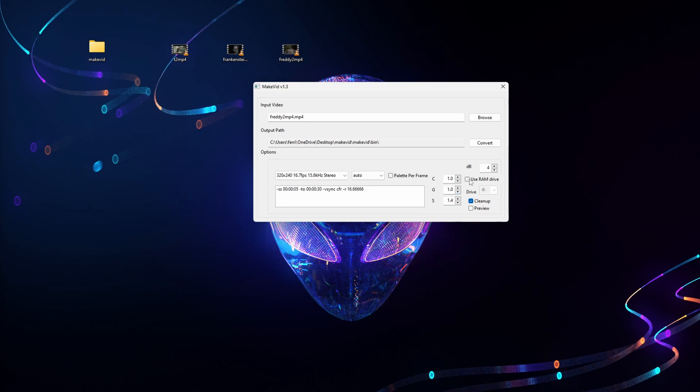So down here we want to select use ram drive. It's worth pointing out here this line of code refers to the length of clip. It's currently set to a 25 second clip. Obviously if you want it longer you can alter this. So once everything's good to go, just hit the convert button.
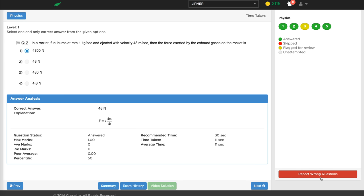There's a 'report wrong question' button — no matter how thorough we are, any question database may have some errors. Students are rewarded for reporting incorrect questions, encouraging them to flag what they find wrong. In 99% of cases, the question is actually correct and we write back explaining why. In the 1% of cases where there is an error, we acknowledge the student and they get rewarded. It's a full learning cycle that also keeps the quality of the question database in check.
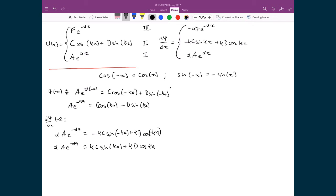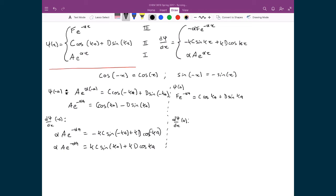Now applying boundary conditions at x = +a, relating regions 2 and 3. For the wave function: F·e^(−αa) = C·cos(ka) + D·sin(ka). Since there are no negative arguments, no trig identities are needed. For the derivative: −αF·e^(−αa) = −kC·sin(ka) + kD·cos(ka). Again, no trig identity adjustments are required here.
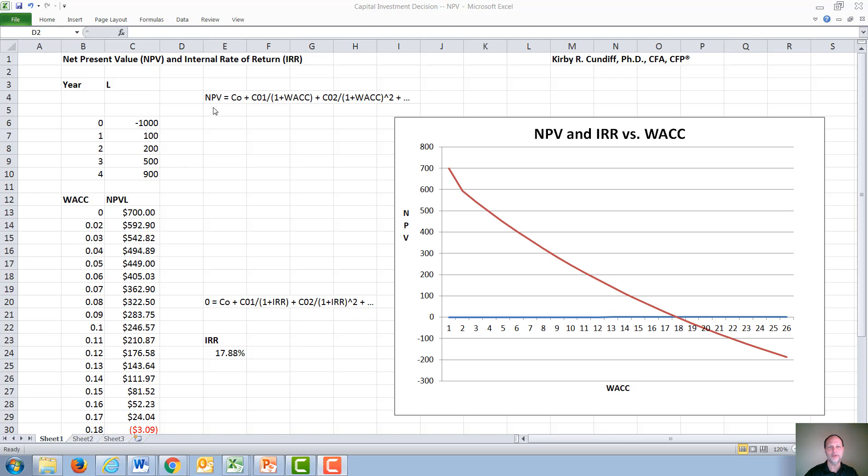A net present value calculation just adds up the discounted value of each of these cash flows, the first one being negative, the second one being discounted by whatever the WACC is.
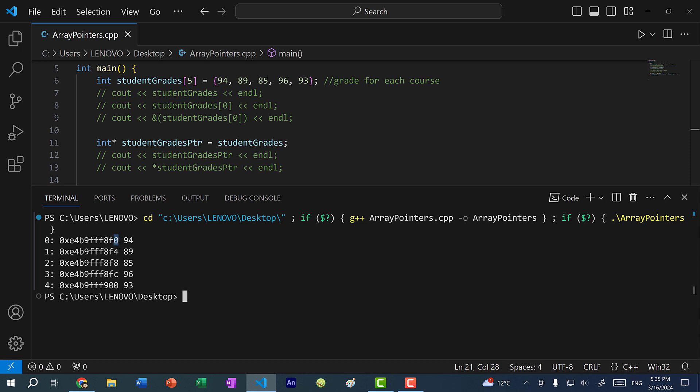Notice the difference in memory addresses is 4 each time, because the size of an integer is 4 bytes. We go from 0 to 4, 4 to 8, 8 to C. C stands for 12 in hexadecimal, where digits go up to 16 — after 9 we have A (10), B (11), and C (12).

──────────────────────────────

Assigned task: Without the pictures, repeat the line with "There's a 'report" and every line after it to the end of the listing, and nothing else.

Answer to the problem:
There's a 'report wrong question' button — no matter how thorough we are, any question database may have some errors. Students are rewarded for reporting incorrect questions, encouraging them to flag what they find wrong. In 99% of cases, the question is actually correct and we write back explaining why. In the 1% of cases where there is an error, we acknowledge the student and they get rewarded. It's a full learning cycle that also keeps the quality of the question database in check.
Now applying boundary conditions at x = +a, relating regions 2 and 3. For the wave function: F·e^(−αa) = C·cos(ka) + D·sin(ka). Since there are no negative arguments, no trig identities are needed. For the derivative: −αF·e^(−αa) = −kC·sin(ka) + kD·cos(ka). Again, no trig identity adjustments are required here.
A net present value calculation just adds up the discounted value of each of these cash flows, the first one being negative, the second one being discounted by whatever the WACC is.
Notice the difference in memory addresses is 4 each time, because the size of an integer is 4 bytes. We go from 0 to 4, 4 to 8, 8 to C. C stands for 12 in hexadecimal, where digits go up to 16 — after 9 we have A (10), B (11), and C (12).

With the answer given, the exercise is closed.